Apparently, the University of California at Los Angeles is finding it hard to get top-notch artists to come play for students. An LA Weekly article by Sarah Purkrabek goes into the complicated business reasons:
Jessica Kim, the former Campus Events Commission commissioner, blames it on a lack of big, viable performance spaces. “Our main venues are Kerckhoff Grand Salon, which has a capacity of about 100, and Ackerman Grand Ballroom, which can hold about 1500 students,” she says. Considering UCLA has 28,000 undergrads, that isn't going to cut it.
Sure, the larger Royce Hall and Pauley Pavilion are also options, but Royce rents for about $15,000 and Pauley for up to $80,000 or more, which starts to make bringing in big acts for a free show prohibitively expensive.
Of course, if you simply charged students a nominal entry fee -- as is done at plenty of other schools -- that could help defray the cost. ... Unfortunately, L.A.'s status as a major market for big shows actually hurts the school.
What's known as a “60 day, 60 mile” clause is often included in artists’ contracts with venues, says Heller. The idea is that promoters want to make sure the artist doesn't play too close, too soon, so as not to draw business away from their event.
When the concert is only open to students, and free, the 60/60 rule generally doesn't apply. Unfortunately, for the reasons mentioned above, this limits the sizes of the shows.
To solve this problem, UCLA is introducing a $4 student fee to pay for better concerts. That illuminates a budgeting issue in higher education -- and indeed among human beings more generally.
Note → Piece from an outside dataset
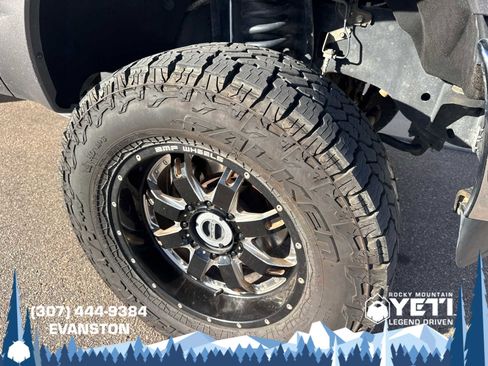 Used 2014 Ford F350 Lariat w/ Lariat Ultimate Package image 9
That $4 is not a large fee. Even the poorest student can probably afford it. On the other hand, collectively, UCLA’s student fees are significant: more than $3,500, or about a quarter of the mandatory cost of attending UCLA for a year.
Those fees are made up of many items, each trivial individually. Only collectively do they become a major source of costs for students and their families and potentially a barrier to college access for students who don’t have an extra $3,500 lying around.
As I’ve written before, this is a common phenomenon that you see among people who have gotten themselves into financial trouble -- or, for that matter, people who are doing OK but complain that they don’t know where the money goes and can’t save for the big-ticket items they want. They consider each purchase individually, rather than in the context of a global budget, which means that they don’t make trade-offs. Instead of asking themselves “Is this what I want to spend my limited funds on, or would I rather have something else?” they ask “Can I afford this purchase on my income?” And the answer is often “Yes, I can.” The problem is that you can’t afford that purchase and the other 15 things that you can also, one by one, afford to buy on your income. This is how individual financial disasters occur, and it is also one way that college tuition is becoming a financial disaster for many families.
Colleges seem to be subject to this budget problem in spades, because until very recently, passing on all the costs to the consumer was very easy. Highly motivated coalitions get together to demand something, and eventually the byzantine, quasi-democratic institutional governance often delivers that thing, along with the associated cost. Each of these new demands -- a better gym, a new student center for underrepresented groups, fancy new buildings for alumni to put their names on (but not pay to maintain) -- generates a small individual cost per student. Over time, however, those little individual costs aggregate into college bills that grow much faster than inflation year after year, decade after decade.
If UCLA had had to treat this as a budget problem -- in other words, if they’d had to take money from something else in order to fund the concerts -- then they probably would have decided that “more famous concert headliners” are not a core part of delivering a UCLA education. But instead, they made it part of someone else’s budget problem. Someone who is probably just going to sigh and increase the student loan a bit.
Of course, this isn't the only factor causing tuition and fee inflation, but it is a factor causing tuition and fee inflation, and it is probably one of the easiest to control -- at least, from a budget perspective it is. If you’re the administrator deputized to tell the students why they can’t have a better class of pop star at their free concerts, it probably looks different.